Num país forjado pelos conflitos, a saúde da democracia e o funcionamento pleno das instituições democráticas tem mobilizado a população e atores políticos de variados matizes. Todos unidos contra uma proposta do primeiro-ministro Benjamin Netanyahu, que pretende reformar o Poder Judiciário, colocando os juízes, na prática, em submissão ao Poder Legislativo. Como esse é um movimento conhecido de governos autoritários, a reação dos israelenses vem sendo proporcional à ameaça, com muita gente nas ruas, greves que paralisaram o país, e até a declaração de greve de fome por quase três dezenas de prefeitos de diferentes partidos.

A intensificação das manifestações nas últimas semanas chegou ao ápice ontem, com o adiamento da reforma, em comunicado do premiê. A polêmica foi provocada, especialmente, pela possibilidade contida na reforma, de que o Parlamento seja capaz de mudar decisões da Suprema Corte de Israel. A aprovação causaria um claro desequilíbrio entre os poderes, pondo a democracia em xeque, e o país, à mercê da vontade dos parlamentares – que por sua vez reflete a base de apoio do primeiro-ministro. Com o agravamento da crise política, Netanyahu foi alvo de uma moção de censura que poderia tê-lo tirado do cargo. No entanto, por 60 votos a 51, o primeiro-ministro continua. E diz que está aberto ao diálogo, mas segue firme na disposição de aprovar as mudanças no Judiciário – concentrando o poder no Parlamento e estreitando a democracia.

Os manifestantes encheram as ruas em Tel Aviv e Jerusalém. No próprio governo, há ministros que afirmam que vão renunciar, caso a reforma prospere. O ministro da Defesa pediu publicamente a interrupção do processo de reforma, e foi exonerado por Netanyahu um dia depois. Vale ressaltar que o ministro demitido, Yoav Galant, pertence ao mesmo partido conservador que o primeiro-ministro, o Likud. Nas palavras de Galant, a reforma impõe “uma ameaça real para a segurança de Israel”, pelo tumulto que está causando à ordem democrática no país.

O teor é semelhante à declaração do presidente israelense, Isaac Herzog – que não pode ser demitido por Netanyahu. O presidente afirmou que a proposta ameaça a segurança, a economia e a sociedade do país. Clamando por liderança e responsabilidade da parte do chefe de governo, o chefe de Estado aponta o risco da polarização criada pelo primeiro-ministro, ao insistir na reforma do Judiciário desde o início do ano. Em uma fala que destaca a importância, ao mesmo tempo, da democracia para Israel, e de Israel para a democracia, Herzog declarou aos integrantes do governo, sobretudo para a base no Parlamento: “Os olhos do povo de Israel estão voltados para vocês. Os olhos de todo o povo judeu estão em vocês. Os olhos do mundo inteiro estão em vocês”.

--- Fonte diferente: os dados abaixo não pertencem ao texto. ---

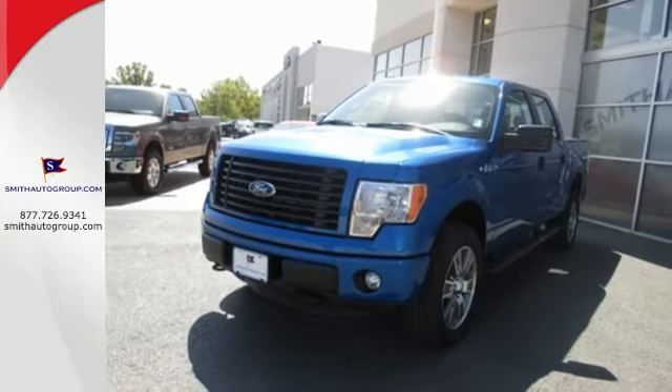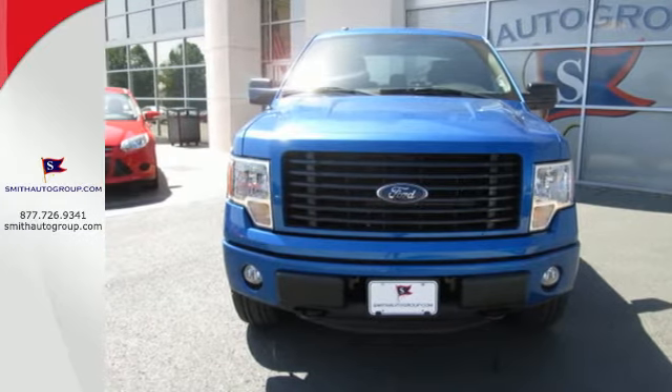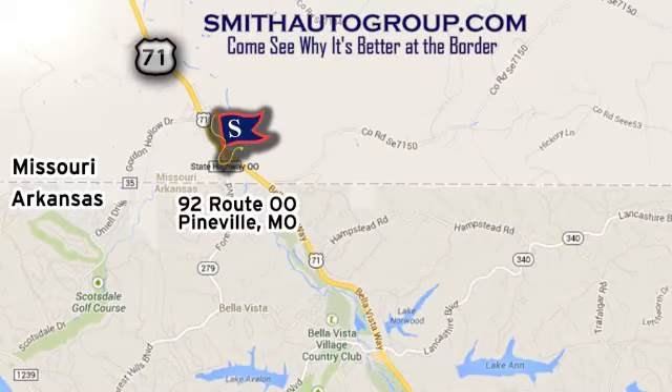Truly built Ford tough, come test out the driving force that is the F-150. Come see why it's better at the border. We are conveniently located at 92 Route 00 in Pineville, Missouri, online at smithautogroup.com.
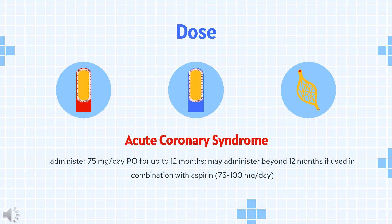ST-segment elevation MI (STEMI): 75 mg per day PO, in combination with aspirin 162 to 325 mg/day, and then 81 to 162 mg/day.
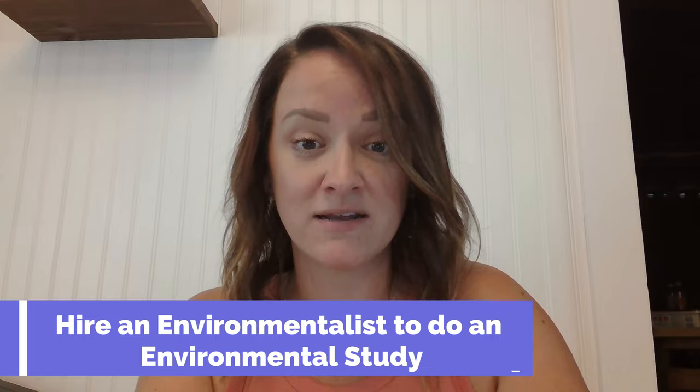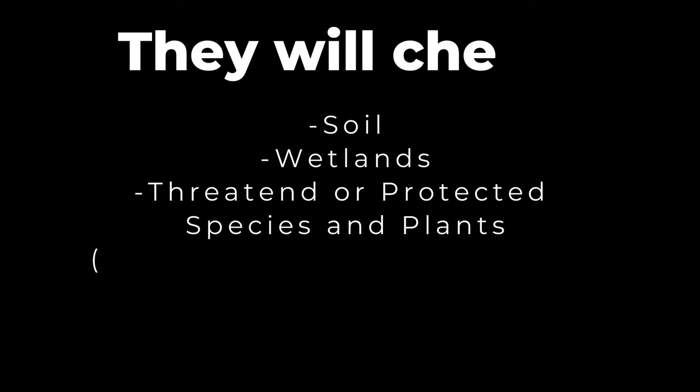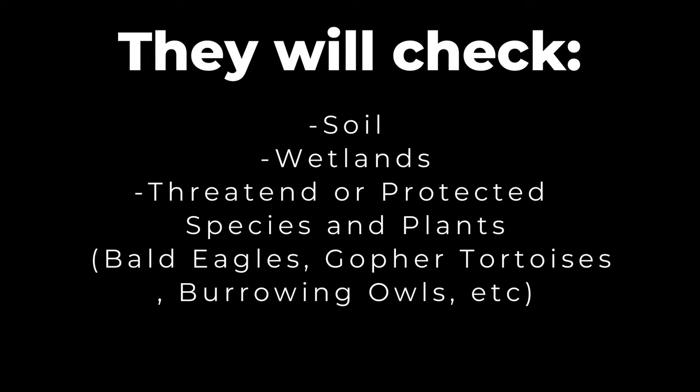What I highly recommend doing is hiring an environmentalist to do an environmental study. They will check everything for you — soils to make sure the soil is okay, wetlands, threatened or protected species as far as animals and plants: bald eagles, gopher tortoises, burrowing owls, all of the above. I highly recommend doing this during your due diligence period to make sure the property is in fact suitable for you.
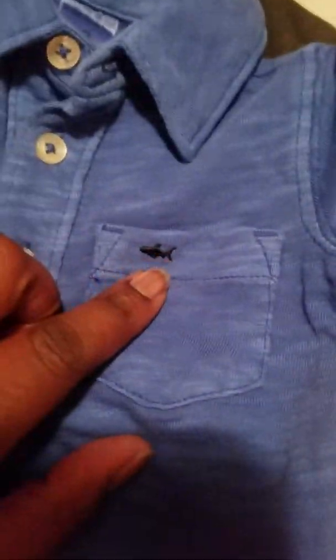Then I bought another one — Carter's three months in a blue color with a little shark on the pocket. This one was $5.99 with 25% off, so he'll look cute. These cute little shirts go great with jeans. Then I bought these shorts he can wear next year or in warmer weather — $5.99, size three months, with cute little pockets on the side, fake pockets here, and a pocket on the back.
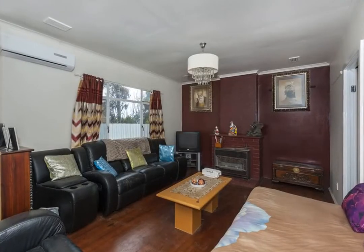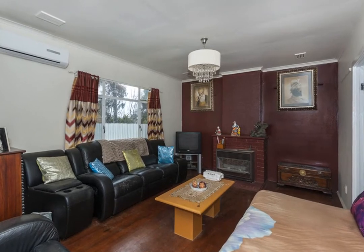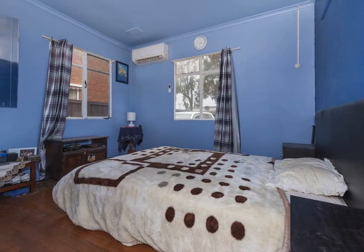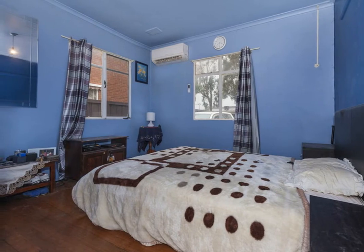Well suited to first home buyers, young families, downsizers and investors alike, this attractive residence offers three generous bedrooms, living room, dining area, gas heating, air conditioning, immaculate kitchen, laundry and carport along with a big backyard.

Sustentado pela direita radical que apoia a proposta e quer assumir a função do Judiciário, Benjamin Netanyahu pode perder sua base, se desistir da reforma. Por isso, por enquanto, assumiu somente o ônus da suspensão. Mas pelo visto, enquanto a proposta não for cancelada, a crise continua, ecoando a defesa das instituições democráticas pelos israelenses.